Wednesday, May 6, 2026

Onions Coming in

At around this time each year like clockwork, the onion harvest begins.  It's a good thing.  We're out of onions and have been purchasing them.  To be fair, we like onions and cook with them often.  In harvesting the onions, it is a process that takes a little while to get them where we want them - inside and/or cut up and in the freezer.  Here's a shot from about a month ago, of our onions slowly ripening, all lined up like soldiers.

And here we are again at the tail end of April in the same onion patch.  They don't look quite as lush.  Some are ready to be pulled.

The photo below shows how you know which ones are ripe.  The neck of the onion folds over and the weight of the onion tops causes it to bend to the ground.  It's as if to say, "I give up.  I can't do this anymore."

Once it bends over, it's time to pull it from the ground.  Many people let them dry in the sun in the garden after pulling them.  Here is a photo of a big, fat Yellow Granex Onion.  This is a sweet onion, the ones marketed as Vidalia onions.  I think this is my favorite variety!  We also grow Early Texas White, Texas 1015 Sweet, and Red Creole Onions.

Because it gets so hot and humid here so very quickly, I like to pull them and put them on an expanded metal patio table so that the air can flow around them and begin drying them out.  After two days here, I'll get some clippers and snip off the onion top about an inch from the onion.  I'll let it continue to dry out on the table for a day or two more.

Then we bring them into our onion drying room.  Actually, it is our parlor, or living room that I've taken over momentarily, spreading a blue tarp on the floor to catch onion skins and dirt.  We lay them on a baker's rack for drying.

We keep a fan going all day to allow for good air flow.  Sometimes, if you don't, the onions will get soft and go bad on you.  We can't have that going on!
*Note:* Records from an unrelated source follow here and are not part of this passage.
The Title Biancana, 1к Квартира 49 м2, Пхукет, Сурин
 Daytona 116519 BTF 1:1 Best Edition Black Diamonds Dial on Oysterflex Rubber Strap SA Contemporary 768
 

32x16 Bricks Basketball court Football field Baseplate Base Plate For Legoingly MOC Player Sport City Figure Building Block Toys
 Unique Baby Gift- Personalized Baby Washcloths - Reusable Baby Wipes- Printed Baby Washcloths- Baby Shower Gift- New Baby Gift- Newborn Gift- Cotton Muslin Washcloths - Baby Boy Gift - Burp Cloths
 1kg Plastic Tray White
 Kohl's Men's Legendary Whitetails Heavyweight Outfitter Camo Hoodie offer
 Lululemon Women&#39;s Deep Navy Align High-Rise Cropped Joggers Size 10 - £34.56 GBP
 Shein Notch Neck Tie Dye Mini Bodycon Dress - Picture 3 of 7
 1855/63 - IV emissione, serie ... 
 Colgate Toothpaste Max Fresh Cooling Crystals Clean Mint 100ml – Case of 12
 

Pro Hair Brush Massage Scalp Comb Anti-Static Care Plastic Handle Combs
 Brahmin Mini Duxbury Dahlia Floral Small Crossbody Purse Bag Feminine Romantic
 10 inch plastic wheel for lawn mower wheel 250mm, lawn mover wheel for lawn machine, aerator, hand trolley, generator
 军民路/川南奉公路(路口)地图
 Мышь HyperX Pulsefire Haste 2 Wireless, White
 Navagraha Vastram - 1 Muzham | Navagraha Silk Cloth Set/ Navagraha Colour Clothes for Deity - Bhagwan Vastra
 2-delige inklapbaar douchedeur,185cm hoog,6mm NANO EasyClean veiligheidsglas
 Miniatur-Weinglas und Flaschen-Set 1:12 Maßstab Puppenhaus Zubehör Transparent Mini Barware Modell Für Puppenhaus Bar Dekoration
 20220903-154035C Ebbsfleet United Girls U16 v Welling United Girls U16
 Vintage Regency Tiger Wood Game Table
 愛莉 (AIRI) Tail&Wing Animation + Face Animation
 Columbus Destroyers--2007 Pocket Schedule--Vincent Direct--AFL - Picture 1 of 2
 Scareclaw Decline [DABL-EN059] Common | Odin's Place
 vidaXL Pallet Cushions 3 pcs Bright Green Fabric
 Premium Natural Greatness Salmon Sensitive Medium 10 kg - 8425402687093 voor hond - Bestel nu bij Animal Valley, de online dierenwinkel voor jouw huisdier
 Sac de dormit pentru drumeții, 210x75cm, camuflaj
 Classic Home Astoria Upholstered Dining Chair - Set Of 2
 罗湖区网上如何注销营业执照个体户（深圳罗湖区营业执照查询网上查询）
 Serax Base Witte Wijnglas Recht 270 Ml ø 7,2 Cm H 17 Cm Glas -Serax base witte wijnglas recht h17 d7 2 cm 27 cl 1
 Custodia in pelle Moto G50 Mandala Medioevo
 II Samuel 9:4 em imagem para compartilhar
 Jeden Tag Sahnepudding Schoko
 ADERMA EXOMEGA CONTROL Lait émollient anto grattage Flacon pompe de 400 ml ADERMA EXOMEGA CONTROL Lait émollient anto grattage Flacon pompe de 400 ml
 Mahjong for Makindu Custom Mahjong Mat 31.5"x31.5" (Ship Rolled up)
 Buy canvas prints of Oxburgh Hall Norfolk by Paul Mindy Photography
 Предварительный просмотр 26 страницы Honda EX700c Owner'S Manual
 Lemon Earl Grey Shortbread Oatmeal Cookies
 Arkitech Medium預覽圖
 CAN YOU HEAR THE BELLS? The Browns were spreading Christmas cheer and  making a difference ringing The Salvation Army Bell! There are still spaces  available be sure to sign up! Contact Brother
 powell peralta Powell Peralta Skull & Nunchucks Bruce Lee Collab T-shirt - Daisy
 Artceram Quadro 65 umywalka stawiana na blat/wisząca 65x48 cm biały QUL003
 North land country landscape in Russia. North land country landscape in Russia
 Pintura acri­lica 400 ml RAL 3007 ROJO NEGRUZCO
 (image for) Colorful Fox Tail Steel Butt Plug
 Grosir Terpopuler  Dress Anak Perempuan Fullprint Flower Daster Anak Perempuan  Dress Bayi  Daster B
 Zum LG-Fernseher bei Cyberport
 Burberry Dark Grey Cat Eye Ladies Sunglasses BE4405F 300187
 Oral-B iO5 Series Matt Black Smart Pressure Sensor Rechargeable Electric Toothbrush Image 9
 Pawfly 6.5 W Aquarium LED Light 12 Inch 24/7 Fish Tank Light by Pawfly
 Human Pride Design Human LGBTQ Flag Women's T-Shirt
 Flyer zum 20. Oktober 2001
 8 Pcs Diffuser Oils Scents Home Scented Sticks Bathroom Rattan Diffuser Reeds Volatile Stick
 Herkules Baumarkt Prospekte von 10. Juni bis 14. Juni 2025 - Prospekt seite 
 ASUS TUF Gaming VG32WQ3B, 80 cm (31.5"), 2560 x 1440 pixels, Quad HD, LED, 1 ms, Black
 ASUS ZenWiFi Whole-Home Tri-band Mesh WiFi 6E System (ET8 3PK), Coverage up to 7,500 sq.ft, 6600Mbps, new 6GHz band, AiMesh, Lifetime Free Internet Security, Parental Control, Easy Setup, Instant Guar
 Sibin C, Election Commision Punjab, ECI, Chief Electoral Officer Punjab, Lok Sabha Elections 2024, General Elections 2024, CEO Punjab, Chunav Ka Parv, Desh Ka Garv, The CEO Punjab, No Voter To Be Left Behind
This is about half of the crop so far.  Each day more fall over and I pull them and put them on the table.  They'll eventually move here.  No more buying onions for quite a while.  We'll eat all of these and we will also chop some of these up and freeze in ziploc bags for cooking with.  Dixondale Farms, the company we purchase the onion starts from, just sent out a recipe for Carmelized Onion Quiche.  It sounds like something we'd like to try out.  I'll pick out a few of the Yellow Granex onions and get them chopped up to make that quiche!